Virtual schools say if they closed every one of their students that moved over to a traditional brick and mortar school would end up costing the state more money.
There are 93 virtual or online schools in Kansas. That's a school where you study at home. The district sends the books to you and you take tests online. Teachers are available if you have questions electronically.
"I think it's kind of keeping up with the times," said Amy Asher who has four kids that attend the Maize Virtual Preparatory School. "I still have the input that I want to have as their mother, teaching them at home. But I also have the expertise of people who are in the field."
She likes the compromise between home schooling and getting the benefit from her tax dollars that pay for public schools. She, like many parents, is worried about proposed cuts to their school's funding.
"I don't see how any virtual school in our state can operate," said Lewis.
"They don't really understand how virtual schools work," said Doug Powers, superintendent of the Maize Public Schools.
He says they're required to meet the same standards as traditional schools and the students take the same state assessment exams. Last year 98% of students at Maize Virtual Preparatory School were rated proficient or better in reading, 95% in math and 88% in reading.
"What's important is that our legislators understand that these are Kansas kids receiving a Kansas education. We are schools just like any other bricks and mortar school," said Lewis. "At $4030, which is what we're currently funded per full-time pupil, that allows us to provide the necessary resources to educate our children. So the textbooks, the microscopes, the lab equipment... the things that we send into the homes so that they can conduct our labs and complete our work. That's required so that they can meet the standards in Kansas."
"Not only is it a great avenue, a good option for some families and their children, we think it's a very cost effective way of educating kids," said Powers.
That $4030 per student virtual schools get is compared to the $3838 brick and mortar schools get. But that's all virtual schools get.
"There are no additional weightings," said Powers. "There's nothing extra with that."
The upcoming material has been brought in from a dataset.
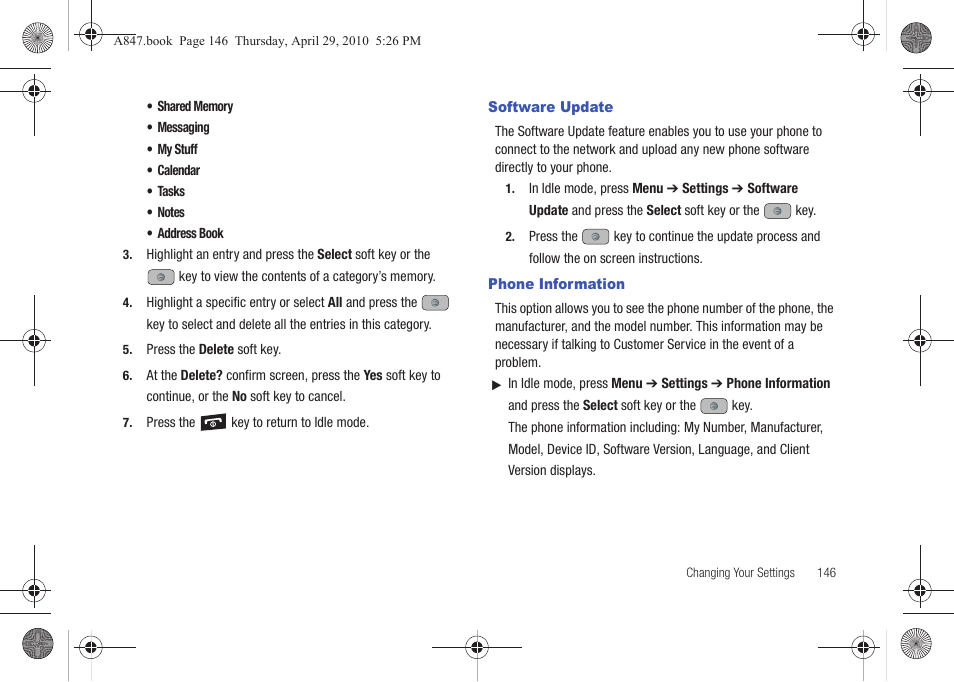 Software update, Phone information, Software update phone information | Samsung SGH-A847ZAAATT User Manual | Page 151 / 187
Once all the additional funds for transportation, special education, building maintenance, etc., are added in the state pays brick and mortar schools per student "just around $10,000," said Powers. "When you look at the cost to us as a district for virtual students, it is quite a savings."
A savings that would disappear if even half of the 6,000 plus students attending Kansas virtual schools returned to brick and mortars.
"There are a lot of things at stake," said Powers. "And it's the education of our kids in Kansas that's being discussed."
Virtual schools are encouraging their parents to contact state lawmakers and ask them not to cut funding.
School leaders and parents also testified against the plan Monday before the House Appropriations Committee. Their testimony will continue Tuesday morning at 9 a.m.